There is a further impact for councils' house building plans. In order to spend our right to buy receipts to deliver new housing (and we only keep a third of the discounted price) the retained receipts must be match-funded by the local authority and where housing plans had intended to do that through borrowing, this rate rise may mean councils will not have sufficient match funding, not be able to spend within the Government's strict time limits and more right to buy receipts will have to be returned to the Government.

There is also a potential impact to the emerging General Fund budgets for the coming year where these had taken into account prudential borrowing for commercial property in order to achieve income to help us support our valued services.

With more than 60 pence in every pound cut from local government funding, we have all been seeking ways of supporting the services we provide and which are so important to our local communities. We cannot increase council tax, which for next year is capped at 2%, the return on increases to fees and charges is a limited pot as if charges are increased too steeply there is simply a diminishing return as people cut back on the services they use.

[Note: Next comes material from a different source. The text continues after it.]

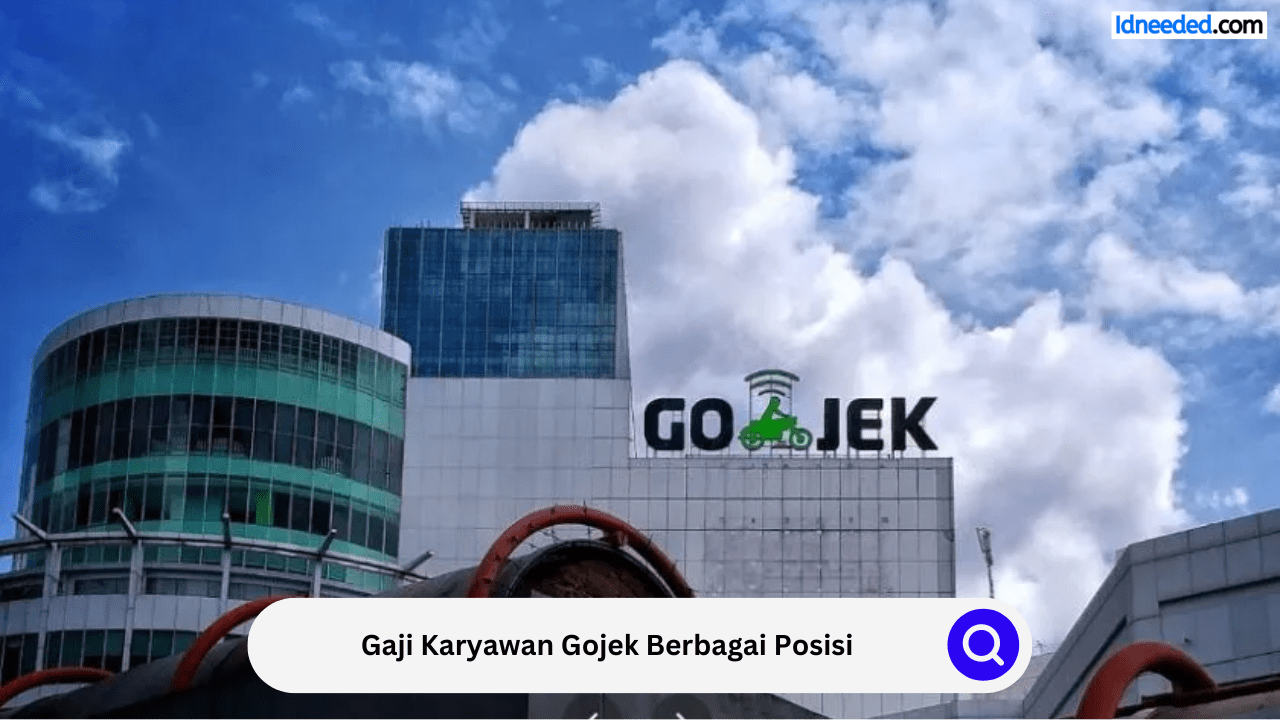 Gaji Karyawan Gojek Berbagai Posisi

For many councils, this year is the first when they receive no revenue support grant from government at all. That is why some councils have looked to invest in commercial property using borrowing from the PWLB which then delivers an income stream. There have been various approaches to this with most councils using their investments to support their local economy.

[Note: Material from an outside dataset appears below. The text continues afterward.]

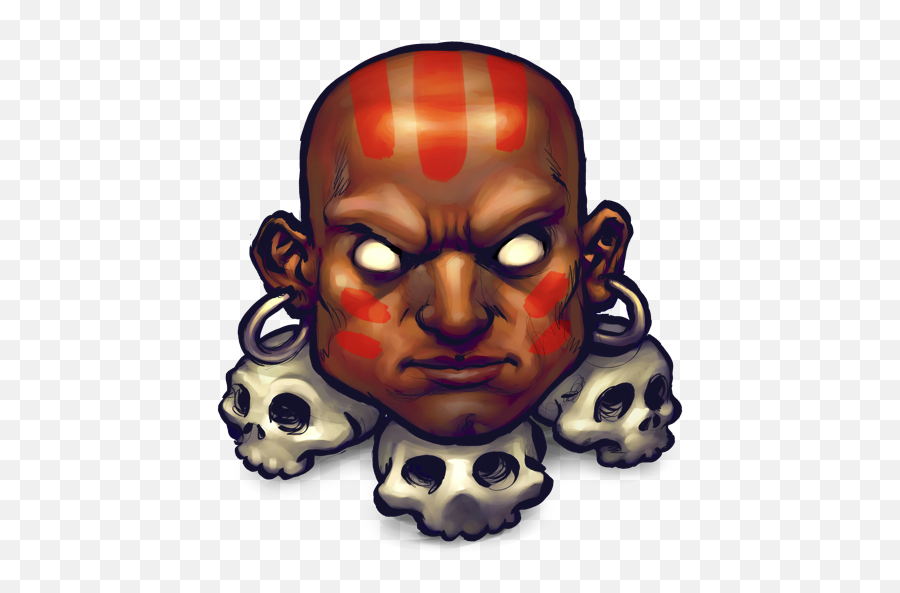 Street Fighter Dhalsim Icon - Dhalsim Face Emoji,Fighter Emoji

There are, of course, some notable exceptions to this where councils have made very high levels of investments in commercial property but if these are outliers, it must surely have been within the Government's scope to tackle the exceptional cases rather than use the blunt instrument of a penalty for the whole of local government.

It is astonishing that at a time when Government is urging local government to help tackle a desperate housing crisis, when they have cut our funding to a level that many councils are on the edge of a dangerous financial precipice and when they are constantly stressing that we should be seeking innovative solutions to help us through the financial puzzle we all face, that they unbelievably pull this particular rug out from under our feet with no prior notice. It is long past time that we had a proper compact between central and local government which required such changes in policy to be discussed between both parties.

We must make the strongest possible representations to the Treasury that this rate rise could have untold consequences to the delivery of affordable homes and to the ability of councils to steer a path through the troubled waters of local government funding. I hope they will have a rapid re-think and a proper debate with local government about why they felt this move to be necessary.